[Exercise brief]
Below are records with pictures. Reproduce exactly the lines from the line with "Corporate Real Estate Flyer Template" to the line with "Dupli-Color Aluminum Engine", inclusive, and leave each picture out.

[Data records]
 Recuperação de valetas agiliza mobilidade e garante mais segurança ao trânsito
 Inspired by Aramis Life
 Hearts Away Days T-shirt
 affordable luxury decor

---

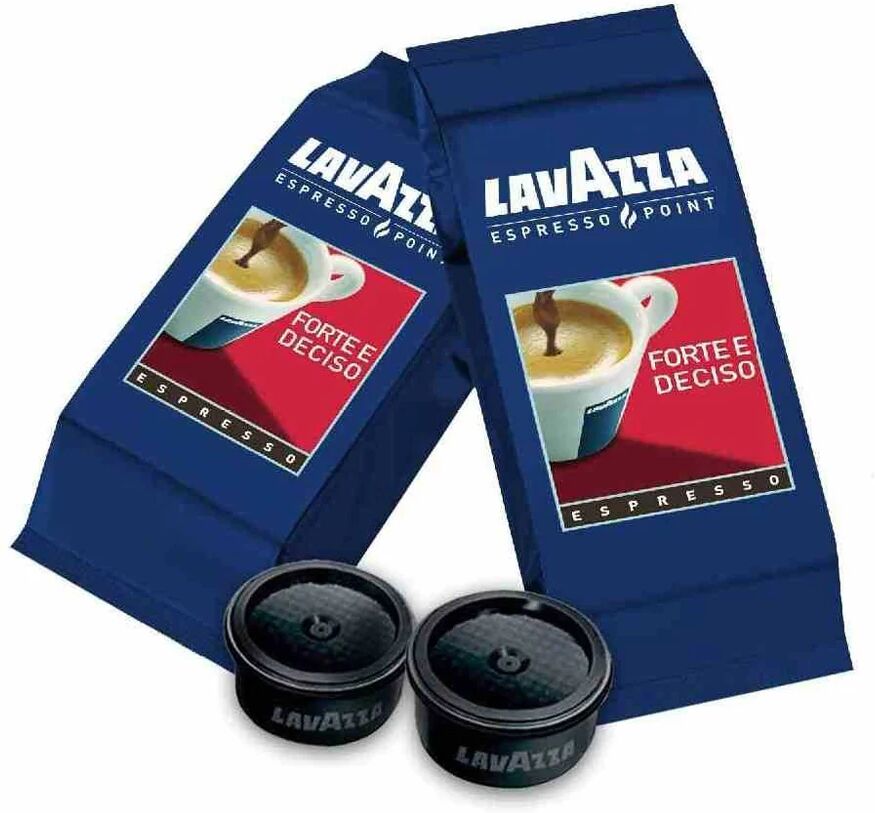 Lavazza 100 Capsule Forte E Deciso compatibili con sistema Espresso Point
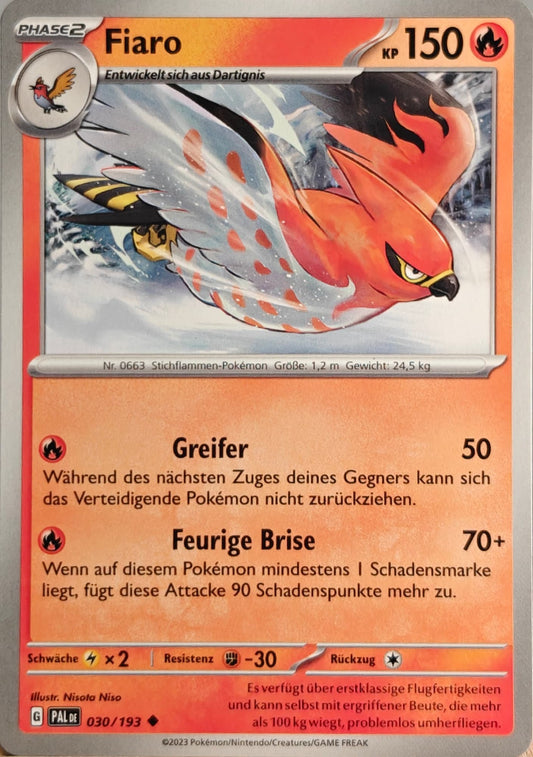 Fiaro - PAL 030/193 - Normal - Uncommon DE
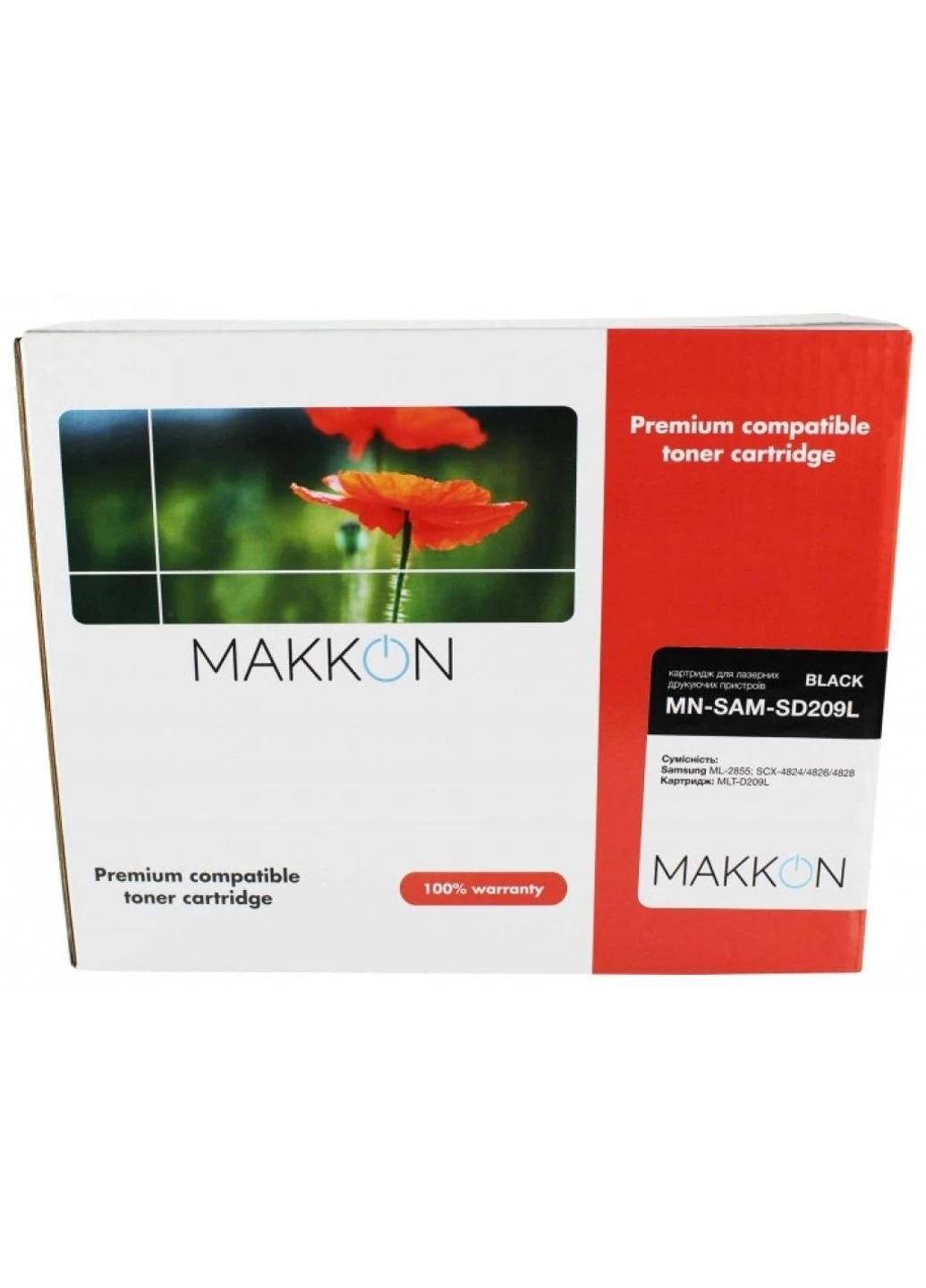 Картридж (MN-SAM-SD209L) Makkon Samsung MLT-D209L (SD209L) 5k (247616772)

...

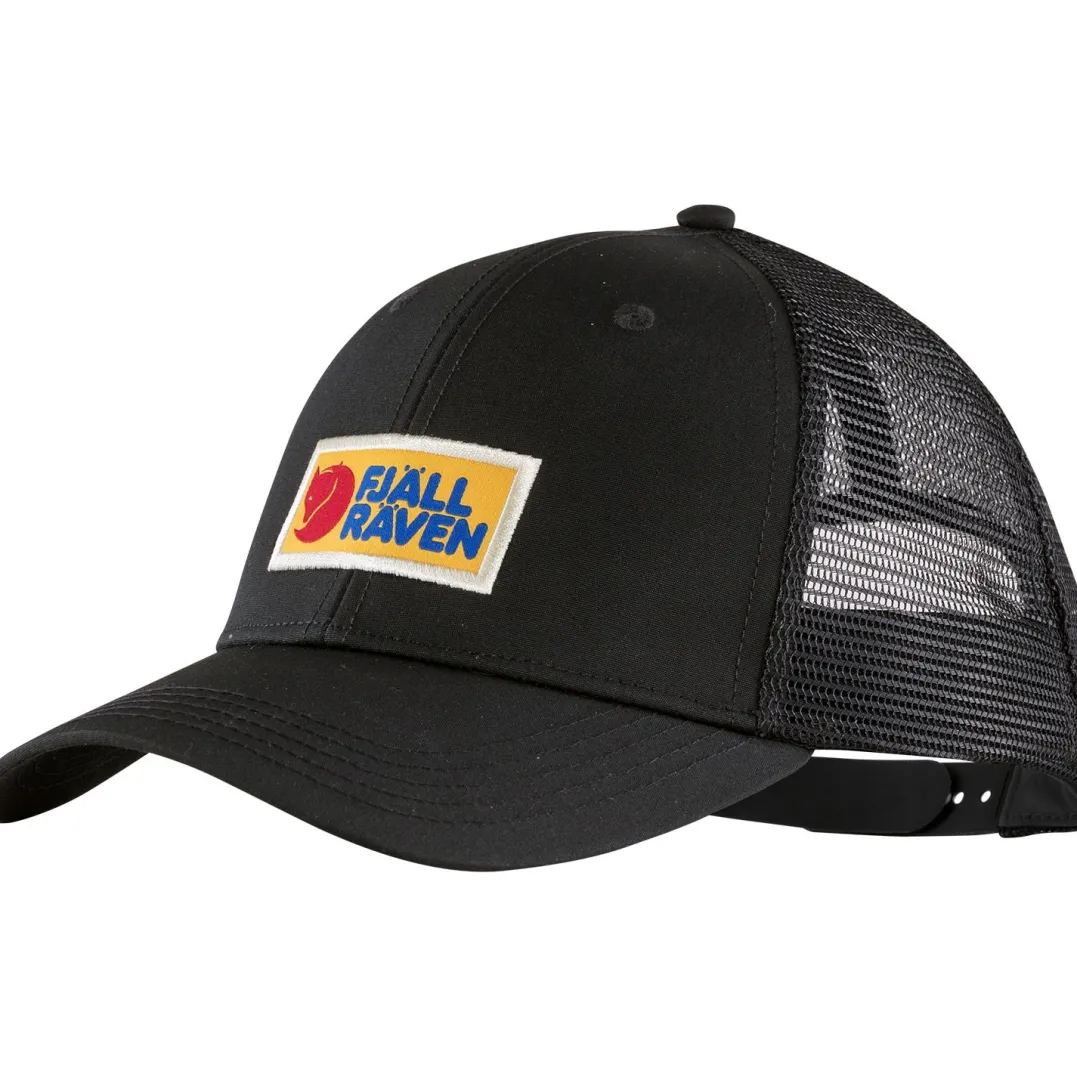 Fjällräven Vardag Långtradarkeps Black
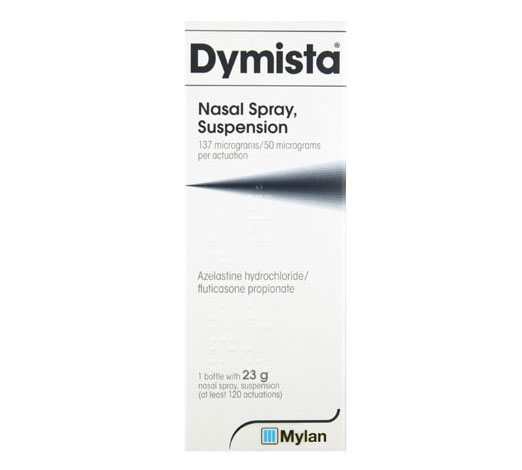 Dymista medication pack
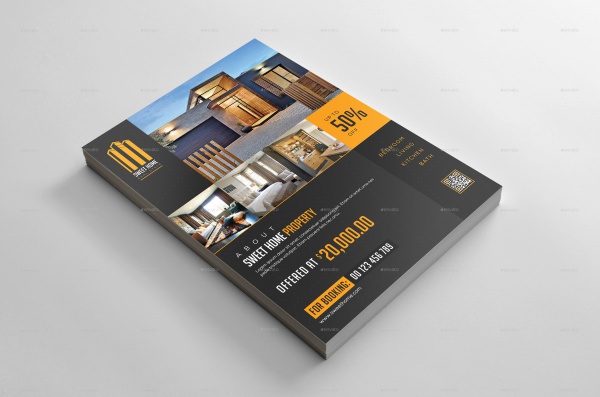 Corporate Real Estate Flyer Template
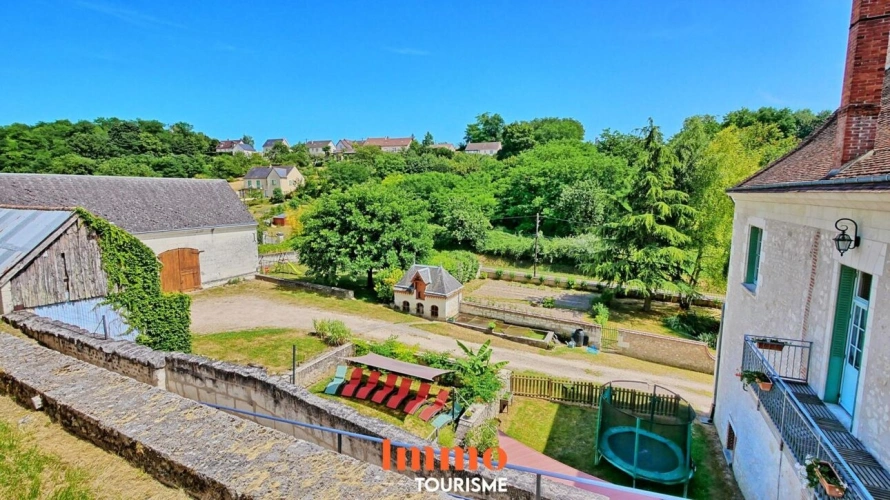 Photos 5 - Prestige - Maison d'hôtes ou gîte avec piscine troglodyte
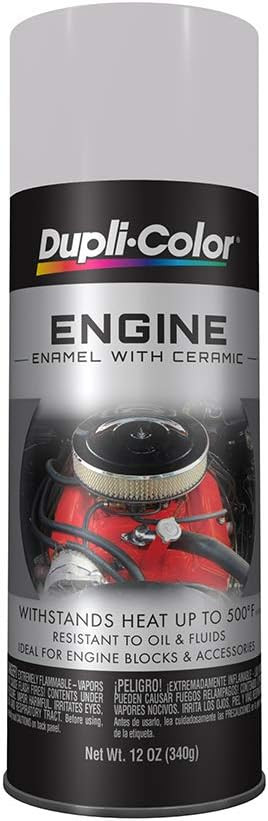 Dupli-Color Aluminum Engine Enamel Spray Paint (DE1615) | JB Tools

[Solution]
 Corporate Real Estate Flyer Template
 Photos 5 - Prestige - Maison d'hôtes ou gîte avec piscine troglodyte
 Dupli-Color Aluminum Engine Enamel Spray Paint (DE1615) | JB Tools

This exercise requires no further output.